**Exercise requirements:** The entries below are to be given back exactly, with images excluded.

====================

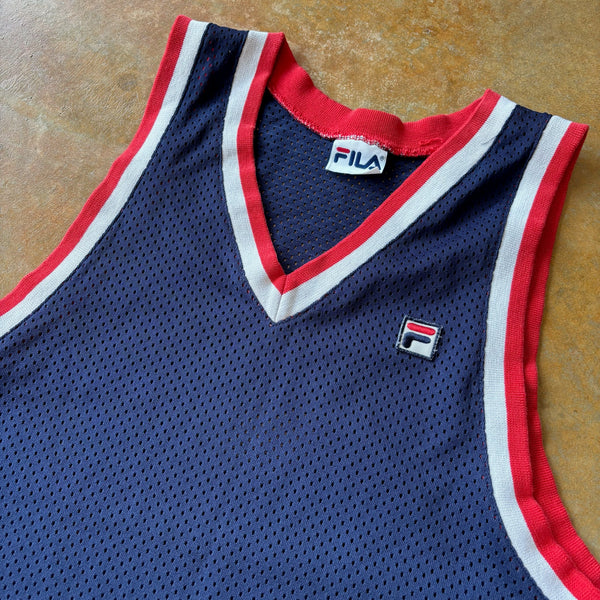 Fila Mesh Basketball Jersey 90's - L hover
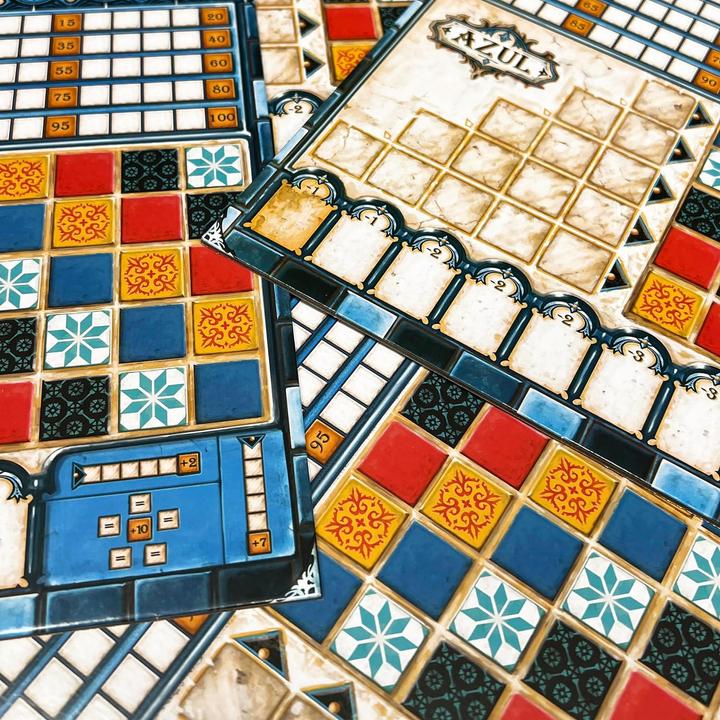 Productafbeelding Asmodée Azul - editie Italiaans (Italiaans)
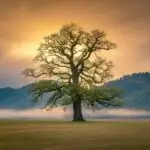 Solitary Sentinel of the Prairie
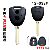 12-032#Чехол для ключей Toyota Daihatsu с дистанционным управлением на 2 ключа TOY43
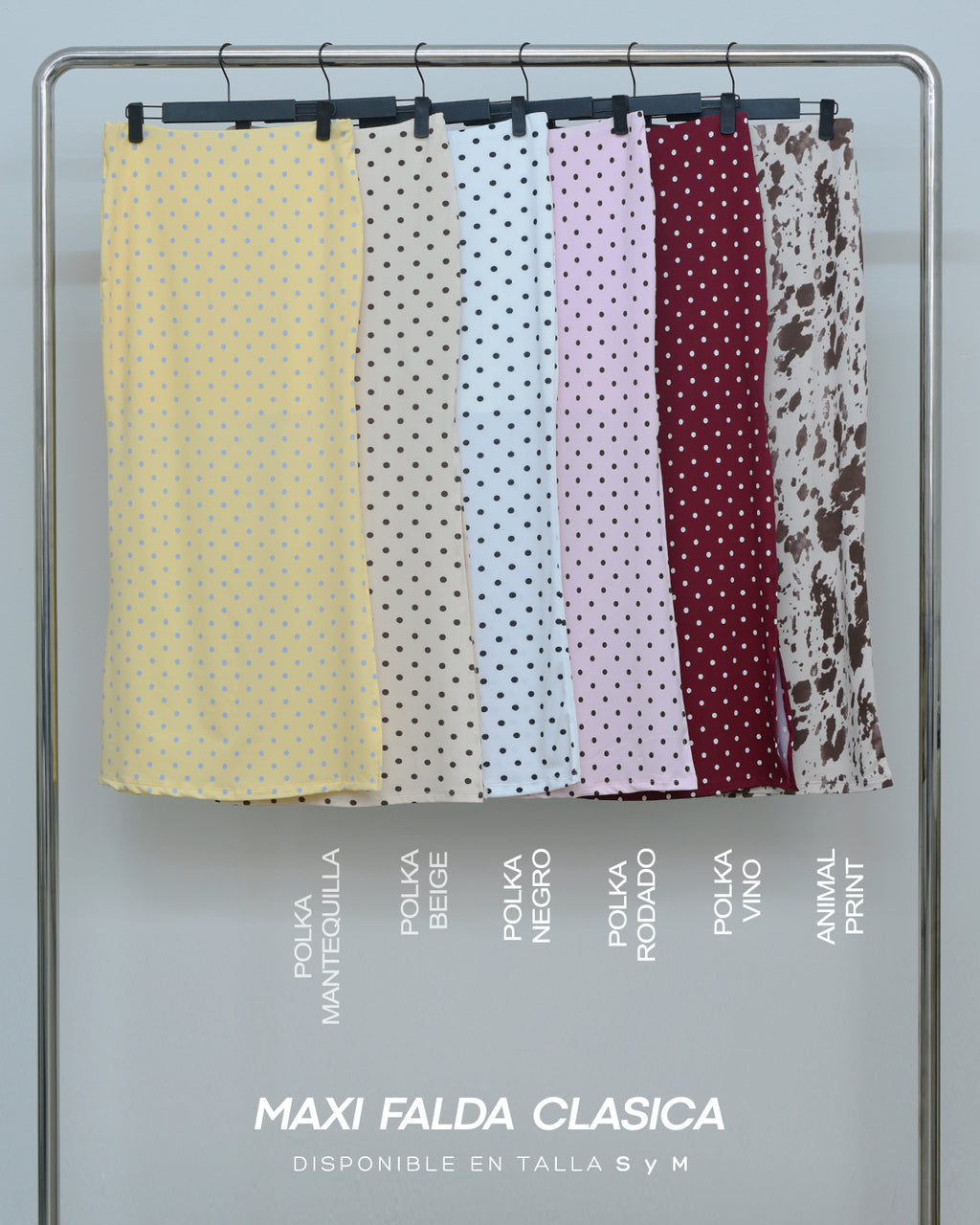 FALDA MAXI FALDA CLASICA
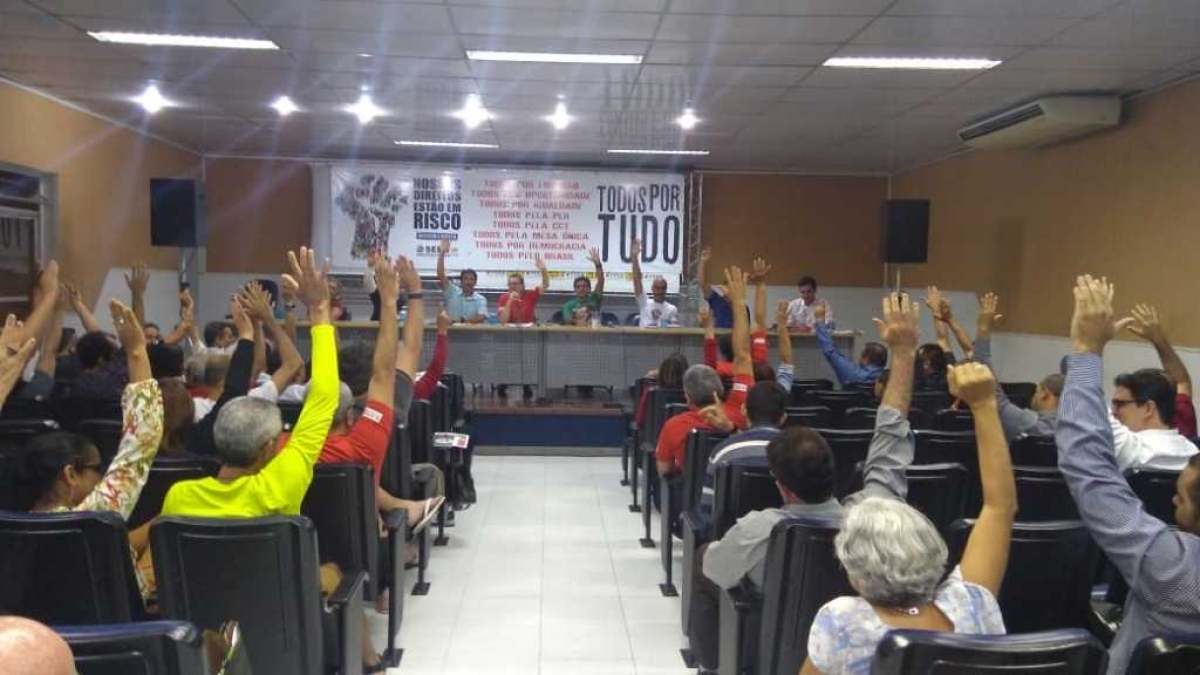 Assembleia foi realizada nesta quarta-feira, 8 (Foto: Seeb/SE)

====================

**Reply:**
 Fila Mesh Basketball Jersey 90's - L hover
 Productafbeelding Asmodée Azul - editie Italiaans (Italiaans)
 Solitary Sentinel of the Prairie
 12-032#Чехол для ключей Toyota Daihatsu с дистанционным управлением на 2 ключа TOY43
 FALDA MAXI FALDA CLASICA
 Assembleia foi realizada nesta quarta-feira, 8 (Foto: Seeb/SE)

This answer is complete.